THE TASK: Although the data below contains pictures, please reproduce only its words, exactly.

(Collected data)
____________
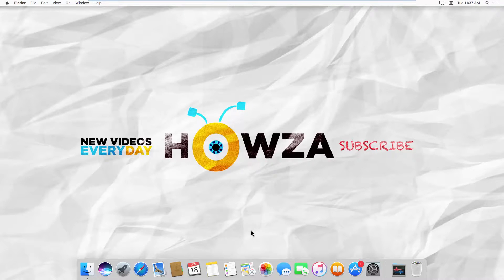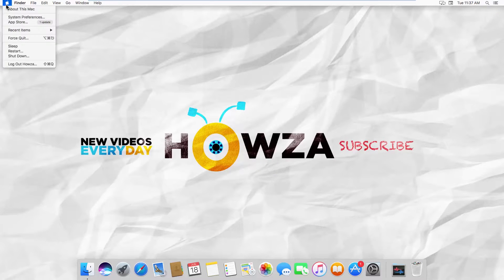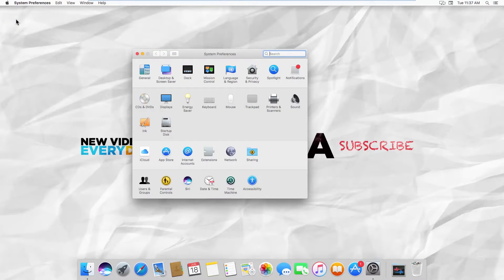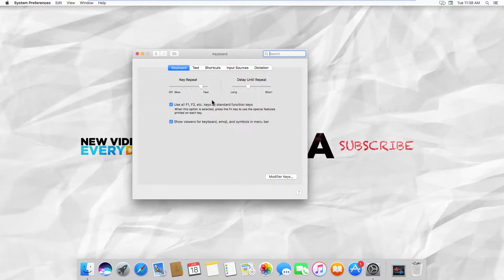Click on the Apple icon at the top left corner of your screen. Select System Preferences. Go to Keyboard. Go to the Text tab.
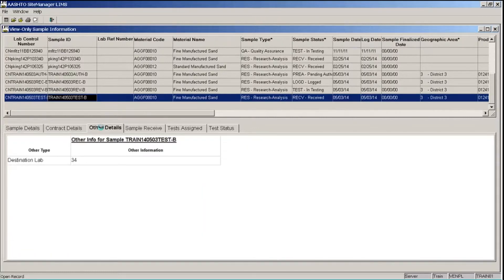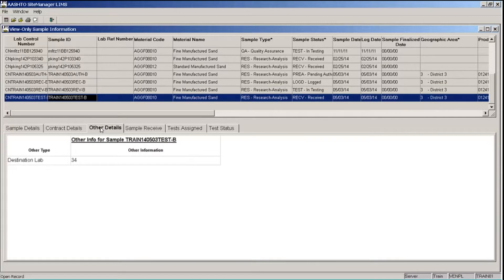When I click the Other Details tab, this shows the destination lab or your organization which is associated to the sample.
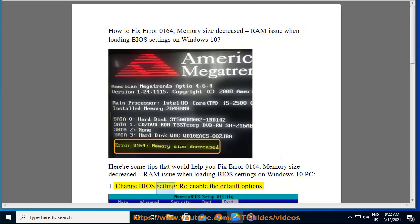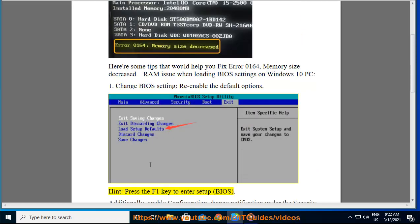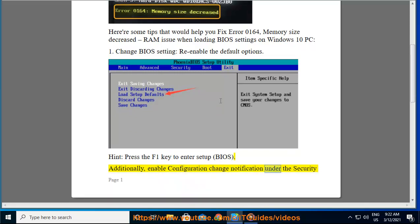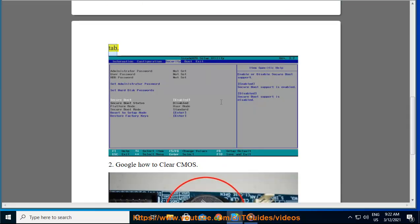Fix 1: Change BIOS Setting — Re-Enable the Default Options. Hint: Press the F1 key to Enter Setup in BIOS. Additionally, enable Configuration Change Notification under the Security Tab.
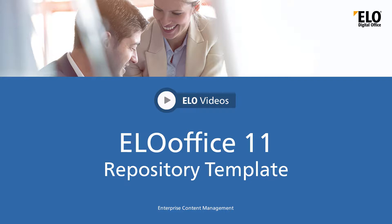Hello and welcome to another video tutorial from ELO Digital Office. In this video we will be showing you the new repository template in ELO Office 11.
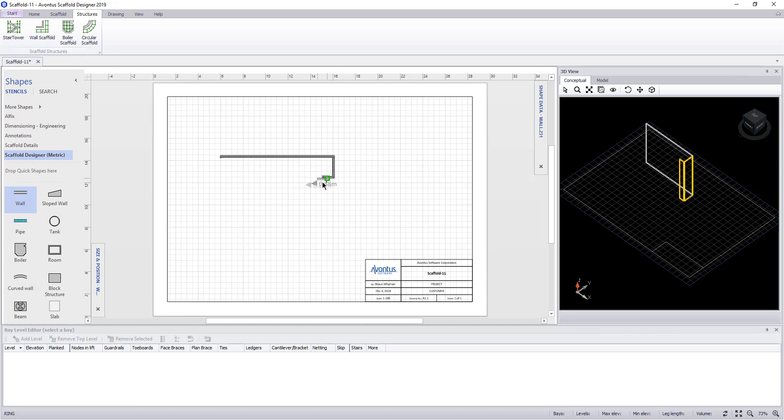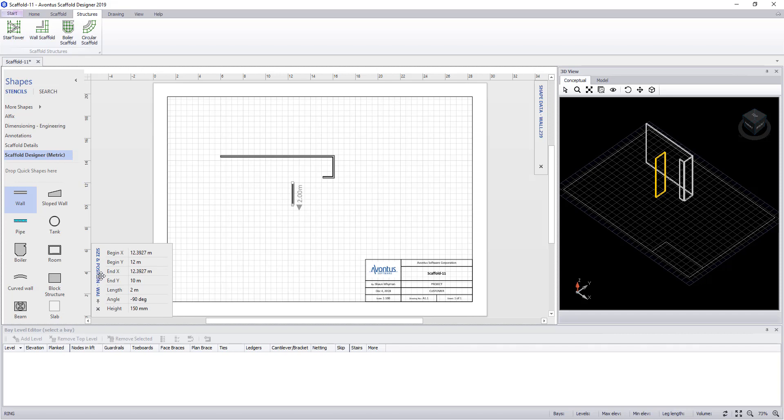And likewise again, we will copy the wall using the control button and picking the wall, rotating it by grabbing the end. Then in the size and position dialog, we will change the length, grab the wall, pull it back together, and let it glue into position.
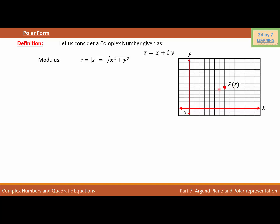Let's connect point P with O. If I connect them, I get the magnitude of the complex number, which is R, equal to the modulus of Z. Then I'm going to drop a perpendicular from point P to the X-axis. This gives a right triangle, and the angle made by this complex number with the X-axis is angle theta.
____________
RESULT:
Click on the Apple icon at the top left corner of your screen. Select System Preferences. Go to Keyboard. Go to the Text tab.
When I click the Other Details tab, this shows the destination lab or your organization which is associated to the sample.
Fix 1: Change BIOS Setting — Re-Enable the Default Options. Hint: Press the F1 key to Enter Setup in BIOS. Additionally, enable Configuration Change Notification under the Security Tab.
Hello and welcome to another video tutorial from ELO Digital Office. In this video we will be showing you the new repository template in ELO Office 11.
And likewise again, we will copy the wall using the control button and picking the wall, rotating it by grabbing the end. Then in the size and position dialog, we will change the length, grab the wall, pull it back together, and let it glue into position.
Let's connect point P with O. If I connect them, I get the magnitude of the complex number, which is R, equal to the modulus of Z. Then I'm going to drop a perpendicular from point P to the X-axis. This gives a right triangle, and the angle made by this complex number with the X-axis is angle theta.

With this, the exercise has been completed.